Let me ask you this: have you ever been so nervous and insecure that you avoided socializing, even at family events? Did you realize how much of life you may have missed by not putting yourself out into the universe? When did you finally step out of your comfort zone and were surprised at how good it felt? Did something feel so right that your spirits soared incredibly high as a result? Well, for me, all of the aforementioned feelings are ones that I’ve felt in the past and present. Hopefully, in the future I will experience mostly the positive ones.
I first started noticing a change after I received an invitation in the mail for an upcoming family wedding. Even as I felt the anticipation of the upcoming geek-centric magic of Comic-Con, I felt anticipation stirring for the upcoming wedding.
Around the same time, I received an e-mail about a surprise party for my uncle on the morning after the wedding. Very quickly, the prospect of two early Fall events in one weekend made me smile even more than I usually do. In the past, attending social events, much less two in a short period of time was not even something I would have considered because of my lack of social skills and always feeling out of place.
When the actual wedding happened, it was simply magical. The atmosphere was vibrant from the moment I arrived. It was held in an outdoor setting, under a clear, sunny sky overlooking a picturesque vineyard.
The DJ kept spinning out an awesome mix of music; it was so awesome that I was on my feet dancing for almost the entire time! The only time I sat down was to talk with friends and relatives. I noticed a couple of girls who seemed to enjoy my company on the dance floor; looks like being me is really starting to pay off. The entire affair was classy, but not ostentatious. Things could not have gone any better; everything just felt right.
When the wedding was over, I left with several new memories and a handful of thoughtful souvenirs. But the best part was that I left with pride, knowing that I was engaged in conversation and interaction with other people.
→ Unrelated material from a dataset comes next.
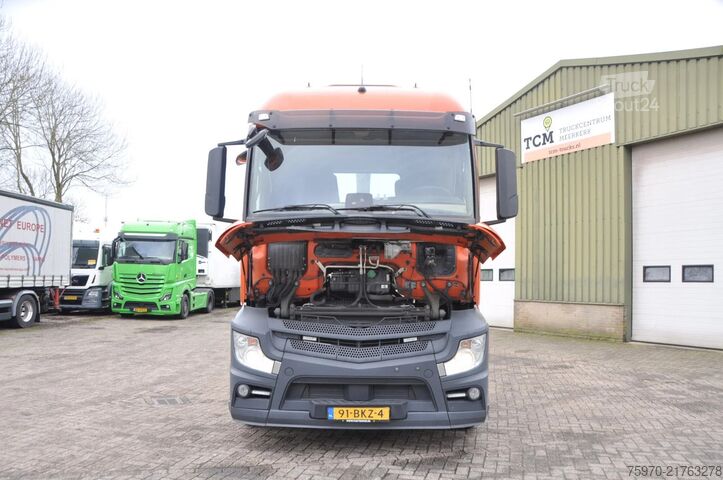 Koukkuvarsijärjestelmä Mercedes-Benz Actros 2548 6X2 + HIAB MULTI LIFT HAAKARM 21T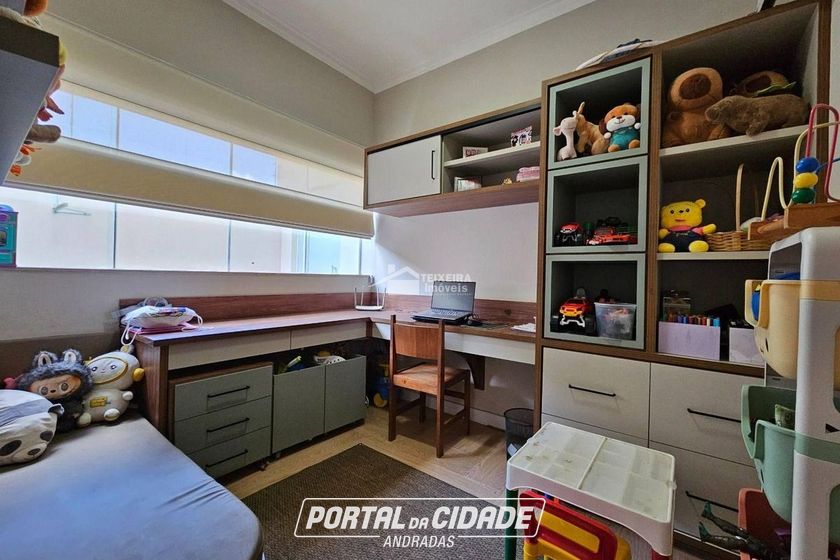 Casa &agrave; venda - 250m&sup2; - Jardim Mantiqueira II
Years ago, I was liable to stay on the edges of a social situation, finding some way to distract myself from even talking to people by reading a book or playing a handheld game.
It took me a long time, but by becoming aware and immersed in the world around me, I have been able to break out of the shell that has contained my potential. It didn’t happen overnight, and like someone who has achieved sobriety, it’s a daily process.
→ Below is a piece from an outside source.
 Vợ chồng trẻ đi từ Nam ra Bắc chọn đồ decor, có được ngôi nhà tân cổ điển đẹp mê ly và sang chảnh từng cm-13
The next day was also a day of celebration. We met in Old Town San Diego for my uncle’s birthday brunch. I found it easy to relax and talk to other relatives who were there. When the guest of honor arrived, we all stood up and cheered “Surprise!” He was clearly not expecting such a warm welcome, and was happy to see everyone there. The best part was that not only did I get to try out a new restaurant, but I was able to do so in celebration of a family birthday.
This particular weekend still resonates with me more than a month later. Even though I have had a couple of difficult moments where my stress level was elevated and I became frustrated and angry, I was able to find a private place to lie down and breathe deeply. As agitating and painful as my hurt and anger was, I remembered that it was only temporary. As I was able to reflect on this memorable weekend, I was able to remind myself that good memories can save you.
I feel that it takes a lot of self-teaching to gain the confidence to remember what blessings occur with the power of good memories. I have been fortunate enough to use them as a self-healing method when the worst of my negative feelings have passed. That weekend had such significance because it felt so right, and the feelings are still vivid. I know that I’ve been saved from a lot of downward emotional spirals by taking such a step.
What I know for sure is that I listened to my gut instinct when I kept replaying the weekend in my mind. I knew that it was a memory worth holding on to, and writing down. In all, I am grateful for the wisdom to see it and know when to write it.